A mesh is a set of points called vertices, and information about how the vertices are linked. By itself a mesh does not define anything between the vertices. “Faces” which are small, individual surfaces, can be created from mesh data and are often used to define the shape between the vertices. There are other schemes such as sub-sivision for filling the spaces between mesh vertices. Repeat sub-division repeatedly and the set of points approaches a surface. However sub-division generally offers only limited control over the resulting shape.

Whether a mesh or a surface is better or faster depends on the task and the geometry involved. Meshes are inherently faster for the computations involved in displaying geometry on a screen. Rhino creates a display mesh whenever a surface is to be displayed. The display mesh is automatically updated when the surface is changed. Meshes may be easier to use to model a complex shape such as a face, plant or rock.

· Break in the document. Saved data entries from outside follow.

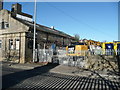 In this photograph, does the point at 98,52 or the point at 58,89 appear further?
the point at 98,52

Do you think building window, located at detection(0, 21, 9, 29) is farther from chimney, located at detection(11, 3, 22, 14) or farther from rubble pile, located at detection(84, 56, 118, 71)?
rubble pile, located at detection(84, 56, 118, 71)

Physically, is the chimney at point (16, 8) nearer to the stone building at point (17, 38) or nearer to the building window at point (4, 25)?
the stone building at point (17, 38)

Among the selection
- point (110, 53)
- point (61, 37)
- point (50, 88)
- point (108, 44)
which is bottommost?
point (50, 88)

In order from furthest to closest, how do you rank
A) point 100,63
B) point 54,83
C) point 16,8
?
point 16,8 < point 100,63 < point 54,83

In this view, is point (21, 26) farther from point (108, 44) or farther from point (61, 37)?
point (108, 44)

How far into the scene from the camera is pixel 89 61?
13.1 meters

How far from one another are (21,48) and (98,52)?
11393mm

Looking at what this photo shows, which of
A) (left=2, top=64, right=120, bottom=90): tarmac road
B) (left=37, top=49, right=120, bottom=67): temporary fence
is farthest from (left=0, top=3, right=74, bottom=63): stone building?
(left=2, top=64, right=120, bottom=90): tarmac road

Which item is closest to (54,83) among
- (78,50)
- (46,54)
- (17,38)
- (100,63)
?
(100,63)

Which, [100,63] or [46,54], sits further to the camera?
[46,54]

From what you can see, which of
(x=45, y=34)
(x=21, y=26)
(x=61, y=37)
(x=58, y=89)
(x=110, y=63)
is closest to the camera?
(x=58, y=89)

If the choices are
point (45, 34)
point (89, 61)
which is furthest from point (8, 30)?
point (89, 61)

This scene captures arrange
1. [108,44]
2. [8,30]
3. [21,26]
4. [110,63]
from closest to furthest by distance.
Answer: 1. [110,63]
2. [108,44]
3. [21,26]
4. [8,30]

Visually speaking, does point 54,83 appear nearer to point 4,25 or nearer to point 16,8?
point 4,25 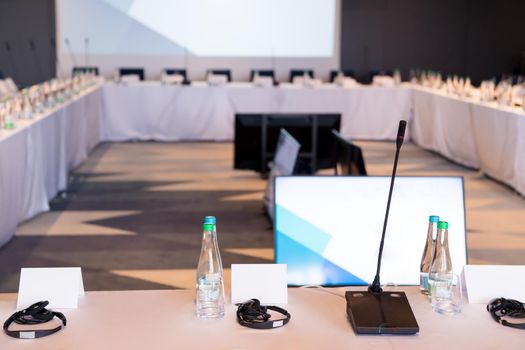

Surfaces are usually better if smooth surfaces or geometric shapes are involved, such as automobiles furniture, boats, aircraft, consumer products. Accurate modeling is usually easier with surfaces. Surfaces also provide any desired level of control of the shape. Operations such as intersection or trimming can be simpler due to the inherent ability to calculate the coordinates anywhere on a surface. Such operations with meshes usually use the faces which is equivalent to using a set of simple surfaces.

Creating a mesh from a surface, even a complex surface, is computationally simple or even trivial, and is easy to automate. Creating a complex surface from a mesh can take orders of magnitude more computations and may require significant human intervention.

Distinctions between meshes and surfaces becomes somewhat blurred for planar surfaces and faceted shapes.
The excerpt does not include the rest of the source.